1 if (brk==2) /* do nothing */ ;
2 break;

It's often the silly stuff that gets ya, no? :-)
Last edited on
xEvilBen 6x (9)
alright I will fix that and get back to this.

ok it works, thanks for that..

I should have noticed that little error.. making one statement into two
Last edited on
xEvilBen 6x (9)
along with this.. what can I enter into my code to make so that if the user enters a letter, or something besides a number, so that it will not turn into an infinite loop?
firedraco (6243)
Check for !cin.good(), then call cin.clear() if it is in that state.
xEvilBen 6x (9)
where in the code do i put that?
firedraco (6243)
after the cin>>brk;
Just check !cin.good (or just !cin ?) and if is true, then call cin.clear() and print out your error msg.
xEvilBen 6x (9)
i am sorry, i am quitely new to this. and by putting in !cin.good after the cin>>brk; ... i receive an error message.

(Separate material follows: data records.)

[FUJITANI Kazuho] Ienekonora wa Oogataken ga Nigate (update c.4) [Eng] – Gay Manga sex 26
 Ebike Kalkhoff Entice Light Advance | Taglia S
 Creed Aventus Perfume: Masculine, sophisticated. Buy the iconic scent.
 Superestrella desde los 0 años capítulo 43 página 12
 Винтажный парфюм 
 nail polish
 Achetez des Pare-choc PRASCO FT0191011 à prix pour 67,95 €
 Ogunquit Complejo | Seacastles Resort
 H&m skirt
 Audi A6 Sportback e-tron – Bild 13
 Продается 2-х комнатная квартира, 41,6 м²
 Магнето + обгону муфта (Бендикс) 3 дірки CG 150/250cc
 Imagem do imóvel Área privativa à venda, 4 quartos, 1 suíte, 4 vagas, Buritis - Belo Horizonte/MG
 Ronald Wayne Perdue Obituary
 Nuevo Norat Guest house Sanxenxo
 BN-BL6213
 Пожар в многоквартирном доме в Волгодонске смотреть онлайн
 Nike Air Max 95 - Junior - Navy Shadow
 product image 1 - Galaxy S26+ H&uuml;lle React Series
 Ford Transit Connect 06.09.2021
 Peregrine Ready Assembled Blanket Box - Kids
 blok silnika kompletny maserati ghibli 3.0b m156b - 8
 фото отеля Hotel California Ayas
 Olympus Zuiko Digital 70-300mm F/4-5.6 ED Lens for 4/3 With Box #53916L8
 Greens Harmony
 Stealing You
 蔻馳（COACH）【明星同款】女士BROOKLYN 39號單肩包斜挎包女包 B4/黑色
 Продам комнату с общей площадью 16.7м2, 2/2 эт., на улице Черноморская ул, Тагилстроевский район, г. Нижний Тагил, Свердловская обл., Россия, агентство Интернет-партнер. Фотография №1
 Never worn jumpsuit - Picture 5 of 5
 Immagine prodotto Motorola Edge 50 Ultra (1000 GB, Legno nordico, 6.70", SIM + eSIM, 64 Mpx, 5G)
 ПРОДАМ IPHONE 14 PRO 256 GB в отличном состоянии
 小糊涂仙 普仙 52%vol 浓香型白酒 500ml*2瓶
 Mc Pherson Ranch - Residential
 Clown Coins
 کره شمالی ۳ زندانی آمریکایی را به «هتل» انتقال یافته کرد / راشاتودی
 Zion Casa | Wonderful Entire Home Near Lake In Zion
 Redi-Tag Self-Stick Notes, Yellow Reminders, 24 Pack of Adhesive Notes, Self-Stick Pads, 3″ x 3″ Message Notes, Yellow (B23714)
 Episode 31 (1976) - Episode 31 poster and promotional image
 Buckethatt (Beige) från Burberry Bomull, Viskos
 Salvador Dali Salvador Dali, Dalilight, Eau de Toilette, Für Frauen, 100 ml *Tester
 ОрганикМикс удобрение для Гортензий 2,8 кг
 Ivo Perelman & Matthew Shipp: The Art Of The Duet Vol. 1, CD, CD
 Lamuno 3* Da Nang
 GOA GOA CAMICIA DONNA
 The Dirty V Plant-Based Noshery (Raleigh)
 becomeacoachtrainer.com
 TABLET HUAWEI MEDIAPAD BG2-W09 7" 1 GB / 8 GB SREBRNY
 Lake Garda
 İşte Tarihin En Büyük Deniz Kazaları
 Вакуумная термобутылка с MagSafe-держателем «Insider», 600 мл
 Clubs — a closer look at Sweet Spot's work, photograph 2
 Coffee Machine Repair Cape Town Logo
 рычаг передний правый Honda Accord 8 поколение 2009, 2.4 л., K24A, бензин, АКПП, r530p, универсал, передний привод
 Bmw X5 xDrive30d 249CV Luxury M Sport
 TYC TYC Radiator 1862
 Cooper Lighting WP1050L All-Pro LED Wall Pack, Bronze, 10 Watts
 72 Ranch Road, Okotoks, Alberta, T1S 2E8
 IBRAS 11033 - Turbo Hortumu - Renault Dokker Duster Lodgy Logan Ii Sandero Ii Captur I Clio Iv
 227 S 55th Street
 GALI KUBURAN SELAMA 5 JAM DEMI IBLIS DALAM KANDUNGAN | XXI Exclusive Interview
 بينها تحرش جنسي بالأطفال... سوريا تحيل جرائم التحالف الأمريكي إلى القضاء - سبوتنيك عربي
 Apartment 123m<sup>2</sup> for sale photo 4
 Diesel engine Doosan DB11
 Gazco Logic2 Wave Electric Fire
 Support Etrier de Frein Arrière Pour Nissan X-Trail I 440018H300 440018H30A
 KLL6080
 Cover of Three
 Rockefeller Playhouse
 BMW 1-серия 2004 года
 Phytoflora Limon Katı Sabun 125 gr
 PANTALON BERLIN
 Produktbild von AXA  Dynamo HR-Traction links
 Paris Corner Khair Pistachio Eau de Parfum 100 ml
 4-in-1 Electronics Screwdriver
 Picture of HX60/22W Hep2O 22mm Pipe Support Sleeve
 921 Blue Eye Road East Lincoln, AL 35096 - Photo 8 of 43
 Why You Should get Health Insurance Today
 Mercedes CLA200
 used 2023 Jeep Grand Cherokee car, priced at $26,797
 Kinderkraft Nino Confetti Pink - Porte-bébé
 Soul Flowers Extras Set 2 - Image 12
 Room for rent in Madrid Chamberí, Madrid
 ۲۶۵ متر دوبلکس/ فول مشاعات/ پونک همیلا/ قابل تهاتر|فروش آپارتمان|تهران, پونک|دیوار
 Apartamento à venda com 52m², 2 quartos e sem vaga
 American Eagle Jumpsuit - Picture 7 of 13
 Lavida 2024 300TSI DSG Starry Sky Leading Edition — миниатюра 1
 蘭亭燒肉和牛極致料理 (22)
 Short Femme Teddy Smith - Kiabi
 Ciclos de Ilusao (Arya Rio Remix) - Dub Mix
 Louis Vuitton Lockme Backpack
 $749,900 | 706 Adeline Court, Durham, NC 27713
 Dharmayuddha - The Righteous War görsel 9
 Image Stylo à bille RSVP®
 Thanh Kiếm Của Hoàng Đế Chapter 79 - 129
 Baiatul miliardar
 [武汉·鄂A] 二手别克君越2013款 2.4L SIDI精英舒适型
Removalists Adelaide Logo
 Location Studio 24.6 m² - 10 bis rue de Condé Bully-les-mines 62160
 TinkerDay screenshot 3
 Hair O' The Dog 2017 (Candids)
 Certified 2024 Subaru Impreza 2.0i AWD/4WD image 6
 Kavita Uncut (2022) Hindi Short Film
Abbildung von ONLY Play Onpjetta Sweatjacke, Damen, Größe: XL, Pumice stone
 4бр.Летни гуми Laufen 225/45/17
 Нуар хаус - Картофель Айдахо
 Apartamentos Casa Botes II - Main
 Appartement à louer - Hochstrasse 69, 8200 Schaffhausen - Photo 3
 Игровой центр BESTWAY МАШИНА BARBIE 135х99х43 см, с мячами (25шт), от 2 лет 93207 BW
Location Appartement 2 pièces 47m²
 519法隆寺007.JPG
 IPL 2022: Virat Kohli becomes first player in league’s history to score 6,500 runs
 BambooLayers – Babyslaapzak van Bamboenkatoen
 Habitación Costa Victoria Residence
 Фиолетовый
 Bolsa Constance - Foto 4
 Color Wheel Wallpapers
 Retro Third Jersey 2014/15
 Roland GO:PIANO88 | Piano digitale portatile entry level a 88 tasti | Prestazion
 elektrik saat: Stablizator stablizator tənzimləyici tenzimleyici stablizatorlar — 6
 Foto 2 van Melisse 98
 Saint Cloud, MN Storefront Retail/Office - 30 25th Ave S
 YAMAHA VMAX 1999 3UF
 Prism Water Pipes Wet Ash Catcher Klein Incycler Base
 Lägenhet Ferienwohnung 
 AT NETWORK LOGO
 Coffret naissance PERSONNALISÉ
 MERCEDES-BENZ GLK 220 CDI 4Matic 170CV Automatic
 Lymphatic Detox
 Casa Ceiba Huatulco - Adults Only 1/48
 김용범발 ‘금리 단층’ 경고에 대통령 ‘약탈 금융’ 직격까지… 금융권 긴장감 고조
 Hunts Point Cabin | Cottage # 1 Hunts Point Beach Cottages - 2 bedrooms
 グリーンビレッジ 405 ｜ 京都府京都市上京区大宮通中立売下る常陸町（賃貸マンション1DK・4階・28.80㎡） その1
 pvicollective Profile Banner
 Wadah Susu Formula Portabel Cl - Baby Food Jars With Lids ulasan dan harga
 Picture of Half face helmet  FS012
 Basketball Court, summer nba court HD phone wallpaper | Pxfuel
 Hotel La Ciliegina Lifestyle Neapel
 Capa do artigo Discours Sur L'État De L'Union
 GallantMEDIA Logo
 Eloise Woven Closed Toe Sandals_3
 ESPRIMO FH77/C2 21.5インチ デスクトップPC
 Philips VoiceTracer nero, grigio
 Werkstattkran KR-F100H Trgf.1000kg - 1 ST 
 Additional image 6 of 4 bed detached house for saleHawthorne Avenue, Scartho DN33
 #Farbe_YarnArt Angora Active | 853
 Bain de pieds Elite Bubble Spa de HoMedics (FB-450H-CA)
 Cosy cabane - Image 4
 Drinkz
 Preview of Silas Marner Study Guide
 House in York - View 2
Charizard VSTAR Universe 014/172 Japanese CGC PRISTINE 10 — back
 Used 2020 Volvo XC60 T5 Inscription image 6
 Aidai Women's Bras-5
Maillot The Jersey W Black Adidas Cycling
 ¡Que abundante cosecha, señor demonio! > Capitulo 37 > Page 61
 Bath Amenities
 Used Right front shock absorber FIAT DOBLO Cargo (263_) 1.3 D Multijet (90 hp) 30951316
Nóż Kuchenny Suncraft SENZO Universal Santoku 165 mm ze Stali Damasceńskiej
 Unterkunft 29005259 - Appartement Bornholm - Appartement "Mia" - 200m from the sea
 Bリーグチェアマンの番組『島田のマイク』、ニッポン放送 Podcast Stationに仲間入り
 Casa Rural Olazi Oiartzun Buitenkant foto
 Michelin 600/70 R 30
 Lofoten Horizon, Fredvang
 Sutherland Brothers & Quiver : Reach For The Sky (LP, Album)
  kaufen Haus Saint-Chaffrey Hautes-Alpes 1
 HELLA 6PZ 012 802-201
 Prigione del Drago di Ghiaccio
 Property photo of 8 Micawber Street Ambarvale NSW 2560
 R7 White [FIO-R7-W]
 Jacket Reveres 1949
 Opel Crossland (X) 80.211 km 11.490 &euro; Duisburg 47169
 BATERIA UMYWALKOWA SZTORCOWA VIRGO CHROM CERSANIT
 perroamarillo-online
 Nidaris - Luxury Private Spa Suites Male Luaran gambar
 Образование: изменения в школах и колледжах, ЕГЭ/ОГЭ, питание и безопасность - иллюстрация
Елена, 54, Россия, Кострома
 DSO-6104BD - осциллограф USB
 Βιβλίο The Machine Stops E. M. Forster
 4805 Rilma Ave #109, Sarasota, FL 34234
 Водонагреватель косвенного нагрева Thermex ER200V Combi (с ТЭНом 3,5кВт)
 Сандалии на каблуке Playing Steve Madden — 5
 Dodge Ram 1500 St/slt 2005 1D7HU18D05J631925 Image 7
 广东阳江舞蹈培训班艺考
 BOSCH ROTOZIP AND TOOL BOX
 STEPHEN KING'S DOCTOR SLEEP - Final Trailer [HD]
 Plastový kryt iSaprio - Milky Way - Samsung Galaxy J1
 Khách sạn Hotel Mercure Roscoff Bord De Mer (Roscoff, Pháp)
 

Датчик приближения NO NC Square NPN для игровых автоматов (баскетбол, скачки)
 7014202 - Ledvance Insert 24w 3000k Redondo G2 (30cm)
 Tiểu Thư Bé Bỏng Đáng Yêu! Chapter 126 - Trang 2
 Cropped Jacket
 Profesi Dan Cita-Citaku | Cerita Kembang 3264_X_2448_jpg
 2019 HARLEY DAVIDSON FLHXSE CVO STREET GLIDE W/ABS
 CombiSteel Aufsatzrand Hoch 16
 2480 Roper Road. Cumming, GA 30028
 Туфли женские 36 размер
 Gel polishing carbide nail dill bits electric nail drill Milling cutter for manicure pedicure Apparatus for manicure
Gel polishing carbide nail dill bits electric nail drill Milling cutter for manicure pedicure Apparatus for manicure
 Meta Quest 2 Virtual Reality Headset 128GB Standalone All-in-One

38 G:\Dev-Cpp\main.cpp could not convert `std::cin.std::basic_ios<_CharT, _Traits>::good [with _CharT = char, _Traits = std::char_traits<char>]' to `bool'


what does that error mean?

and then...
38 G:\Dev-Cpp\main.cpp in argument to unary !

and
38 G:\Dev-Cpp\main.cpp expected `;' before '}' token



this is what i have..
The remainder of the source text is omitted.